At the end of every quarter of the year, publicly traded companies are required to file reports with the Security and Exchange Commission (the SEC) containing information about their economic status. Usually, a company also will issue a press release at the same time, called an earnings report, which provides some basic financial information about the company, although this is not an SEC requirement.
The SEC Q-10 vs Earnings Reports
The filing requirement from the SEC includes a report known as a Form 10-Q that contains detailed information on the company’s performance during the prior quarter of the year and other useful information for investors. It must be filed within 45 days of the end of the quarter and is available to the public, although you might find it long, complicated and overly exhaustive. After the end of the fourth quarter, the end of the year, companies also must file an annual report with the SEC called a 10-K. These filing requirements have been in place since the 1970s.
What Are Quarterly Earnings Report?
Quarterly earnings reports are reports in the form of press releases made by public companies in conjunction with their 10-Q filings to give the general public information on their performance in the prior quarter. Earnings reports typically include basic financial information such as the company’s net income and its sales. They also provide the company the opportunity to forecast their expectations for future sales, earnings or any other business-related information and, in many cases, to explain any news about the company that might not be positive. These reports are less detailed and not required by law. And, although supported by what a company files with the SEC, earnings reports are a way for a company to put a spin on their news, be it positive or negative — a kind of advertisement directed at current or potential investors.

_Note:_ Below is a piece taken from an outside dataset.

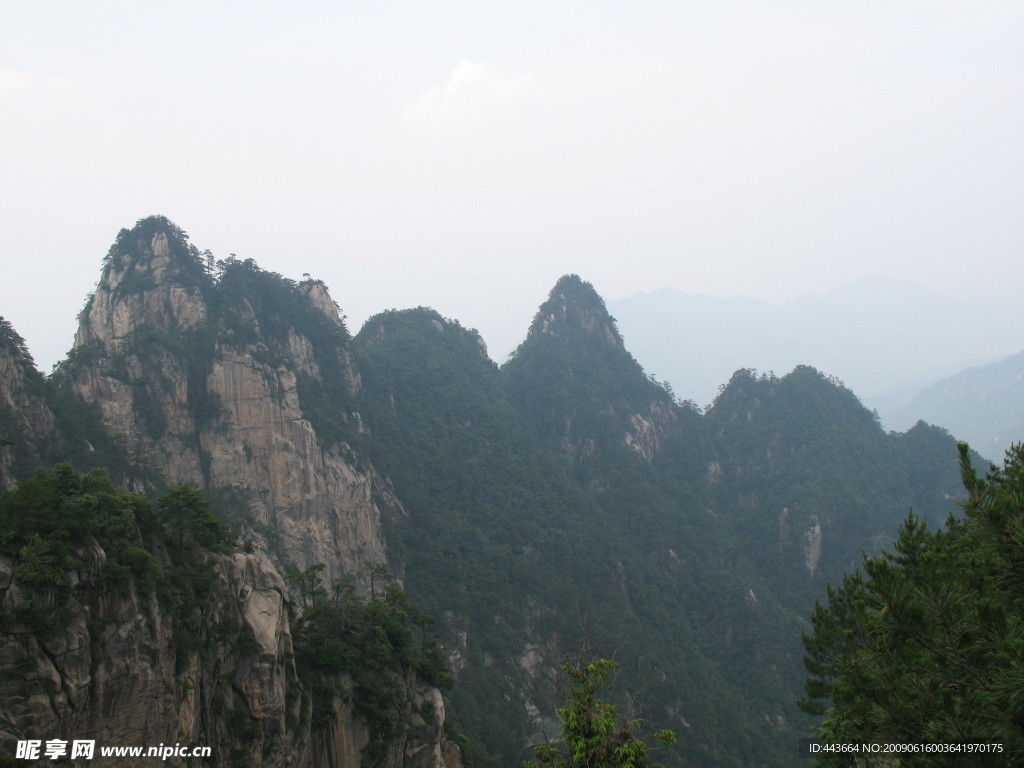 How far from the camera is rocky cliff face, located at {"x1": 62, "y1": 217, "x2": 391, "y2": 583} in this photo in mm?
38969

Why do I need to know this?
Earnings reports are important in two ways. In a general way, earnings season can give a sort of report card on the economy as a whole. If a majority of companies seem to be doing well financially, the economic forecast for the country might be said to look good. On the other hand, it the financial information released in the reports is not so good, particularly in so-called market leaders or in a whole sector of the economy, then clouds might be on the economic horizon and, more importantly, the stock market might be in for a bumpy ride – to mix my metaphors a little. The other way that earnings season matters is if you are thinking of investing in a particular company, or maybe you already are invested in it, and you want to know how that one company did in the last quarter or how it expects to do in the next quarter. Maybe the company is facing a slew of lawsuits over one of its products or is planning on closing half its stores. Wouldn’t you want to know that before buying their stock? On the other side, maybe they have invented a new way to slice bread or have hired everyone in the country between the ages of 18 and 21. You would want to know that, too.
Earnings season gives you valuable information on the economy as a whole and on particular companies. It can be a bellwether for what to expect in the coming months for the stock market. You don’t have to be Bill Gates or Warren Buffet to make use of this information. If you are thinking of investing your hard-earned dollars in a company that has stock, it might be useful to know that newly imposed tariffs will affect the price of cars. Of course, performance in one quarter of the year might not tell the whole story, but if the information is there, why not make use of it?